Theoretical principles of a stress-based geometrical immersion method

The main theoretical principles of a stress-based geometrical immersion method which is applied to solve the boundary value problem of elasticity theory for isotropic homogeneous body with a complex spatial configuration are described. The basic idea of the method is to construct a convergent iterative procedure in order to find a solution for the area of complex spatial configuration as a sequence of problem solutions for some area of a more simple (canonical) form. The variational formulation of the problem is based on the variational principle of minimum additional work (Kastilyano’s principle) and reduced to an abstract mathematical problem - study of one operator equation by the methods of functional analysis. According to the variational equation of the geometrical immersion method, differential formulation of the problem for the canonical area is obtained.

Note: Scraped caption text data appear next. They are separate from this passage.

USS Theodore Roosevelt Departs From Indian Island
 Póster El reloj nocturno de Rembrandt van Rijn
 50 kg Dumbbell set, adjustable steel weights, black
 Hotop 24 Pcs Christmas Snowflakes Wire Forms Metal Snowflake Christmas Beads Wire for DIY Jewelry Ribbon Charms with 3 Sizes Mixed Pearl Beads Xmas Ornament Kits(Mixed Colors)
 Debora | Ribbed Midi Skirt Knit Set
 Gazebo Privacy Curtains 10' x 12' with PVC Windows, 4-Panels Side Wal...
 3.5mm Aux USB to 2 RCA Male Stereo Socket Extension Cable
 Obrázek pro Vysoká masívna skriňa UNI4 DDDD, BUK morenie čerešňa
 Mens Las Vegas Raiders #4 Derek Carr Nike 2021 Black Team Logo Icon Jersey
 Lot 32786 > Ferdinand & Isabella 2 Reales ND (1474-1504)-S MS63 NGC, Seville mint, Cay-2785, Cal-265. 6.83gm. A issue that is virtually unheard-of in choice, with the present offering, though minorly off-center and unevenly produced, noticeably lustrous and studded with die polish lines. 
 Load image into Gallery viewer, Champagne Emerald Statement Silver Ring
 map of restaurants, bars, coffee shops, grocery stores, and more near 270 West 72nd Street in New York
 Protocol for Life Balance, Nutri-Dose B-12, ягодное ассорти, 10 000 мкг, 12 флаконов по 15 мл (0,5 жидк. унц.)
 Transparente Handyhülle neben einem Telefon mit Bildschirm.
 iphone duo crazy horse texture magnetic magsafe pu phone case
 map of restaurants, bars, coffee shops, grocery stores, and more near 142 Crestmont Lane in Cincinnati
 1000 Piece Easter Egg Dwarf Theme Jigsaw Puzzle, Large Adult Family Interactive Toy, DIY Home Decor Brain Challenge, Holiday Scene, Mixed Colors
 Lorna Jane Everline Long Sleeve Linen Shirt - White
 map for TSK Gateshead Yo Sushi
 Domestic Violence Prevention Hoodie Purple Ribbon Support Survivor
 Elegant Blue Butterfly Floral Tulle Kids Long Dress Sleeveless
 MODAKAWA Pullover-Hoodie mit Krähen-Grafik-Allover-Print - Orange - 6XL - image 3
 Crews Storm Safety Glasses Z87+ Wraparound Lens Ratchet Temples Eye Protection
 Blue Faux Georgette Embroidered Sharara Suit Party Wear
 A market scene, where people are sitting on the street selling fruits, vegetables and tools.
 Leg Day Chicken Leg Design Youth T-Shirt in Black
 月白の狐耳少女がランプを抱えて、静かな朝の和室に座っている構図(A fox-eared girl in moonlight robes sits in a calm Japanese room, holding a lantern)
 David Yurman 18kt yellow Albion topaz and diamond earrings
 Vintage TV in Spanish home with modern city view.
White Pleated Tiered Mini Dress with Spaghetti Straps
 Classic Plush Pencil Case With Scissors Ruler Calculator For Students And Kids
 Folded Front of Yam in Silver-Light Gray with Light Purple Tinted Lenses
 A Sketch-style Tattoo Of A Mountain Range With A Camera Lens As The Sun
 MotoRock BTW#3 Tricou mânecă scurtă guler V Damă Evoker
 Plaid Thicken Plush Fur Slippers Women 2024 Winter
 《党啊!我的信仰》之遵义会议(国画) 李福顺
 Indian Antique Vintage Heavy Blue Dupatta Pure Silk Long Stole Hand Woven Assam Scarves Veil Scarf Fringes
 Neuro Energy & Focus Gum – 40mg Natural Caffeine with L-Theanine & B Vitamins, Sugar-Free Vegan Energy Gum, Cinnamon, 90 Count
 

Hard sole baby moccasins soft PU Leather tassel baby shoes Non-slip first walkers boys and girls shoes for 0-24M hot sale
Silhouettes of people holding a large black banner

The types of boundary conditions that need to be formulated for a new part of the boundary of the canonical area are prescribed. An iterative procedure for the stress-based geometrical immersion method is developed, and the convergence theorem for this iteration procedure is formulated in terms of the elements of these spaces of stress tensors. We consider a model problem, which has an exact solution and demonstrates the effectiveness of the geometrical immersion method. Application of the stress-based finite element method for solving the problem for the canonical area allows us to perform a comparative analysis of the rate and quality of practical convergence of the proposed scheme and the traditional displacement-based finite element method used in the software package ANSYS.